O Ministério Público pede anulação de licitação milionária

Publicado por Junior Carvalho As quarta-feira, 2 de julho de 2014  | Sem Comentarios


O Ministério Público do Estado do Ceará ingressou ontem (1) com uma Ação Civil Pública (ACP) contra o município de Tauá requerendo a anulação de uma licitação de mais de R$ 3 milhões referente à pavimentação de ruas. O documento foi assinado pela promotora de Justiça Valeska Catunda Bastos.
A ACP é fruto de um procedimento administrativo que tramitou na Promotoria de Justiça do Juizado Especial Cível e Criminal de Tauá e teve a finalidade de acompanhar a legalidade do convênio entre a Secretaria das Cidades e a Prefeitura de Tauá. A análise detida dos editais publicados na Internet permitiu ao MP arrecadar elementos de prova quanto à ilegalidade do convênio administrativo. O valor da licitação para a pavimentação de diversas ruas do município é de R$ 3.207.659,29.

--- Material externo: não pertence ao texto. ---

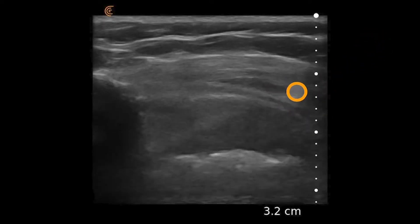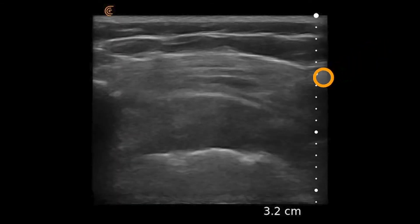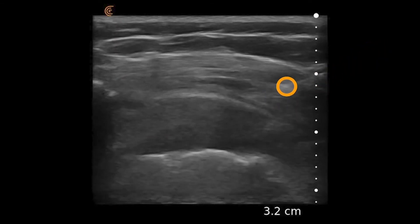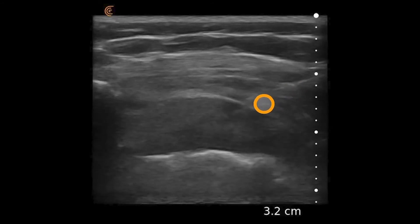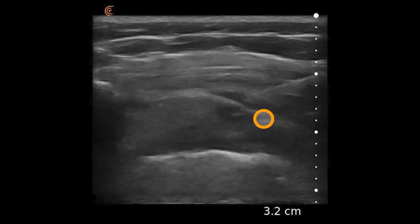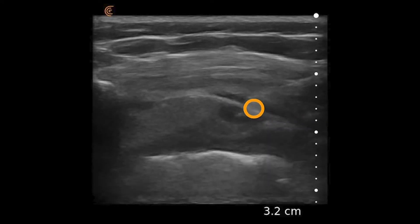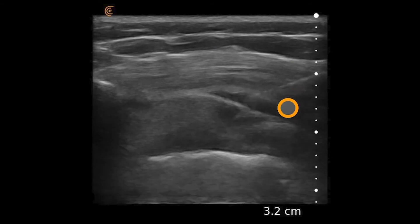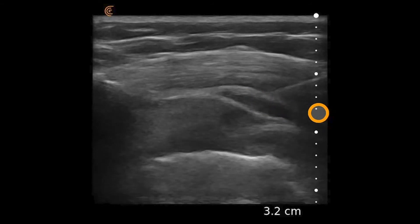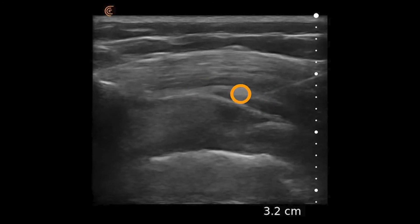Under direct ultrasound guidance, a small 25-gauge needle is seen coming in in-plane. With first a test dose and then entering into the subacromial bursa area, you can see that tiny space expanding between the rotator cuff and the deltoid muscle — now expanding with steroid being directly injected into the exact space of what appears to be a thickened subacromial bursa, in this patient who presented with impingement symptoms.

Foi constatada a existência de pelo menos quatro cláusulas de competitividade do certame, ferindo os princípios de isonomia e da busca da proposta mais vantajosa para a administração. Dentre as irregularidades, estão: a proximidade das propostas comerciais ofertadas pelas empresas habilitadas; a inocorrência do devido parcelamento do objeto (pavimentação em 37 ruas); a exigência de edital para visita em dia e horários únicos; e a licitação realizada em data anterior à celebração do convênio.
Vale ressaltar que a coincidência de percentuais (especificamente 99%) de cada proposta em relação à imediatamente superior é indicativo de possível combinação de preços entre as empresas participantes da fase de propostas comerciais. Além disso, a licitação realizada em data anterior à celebração do convênio, bem como o próprio contrato administrativo formalizado entre o município de Tauá e a empresa vencedora do certame, ocorreram mais de 30 dias antes da subscrição do convênio. Segundo a Lei 8.666/93, obras e serviços só poderão ser licitados quando houver previsão de recursos orçamentários que assegurem o pagamento.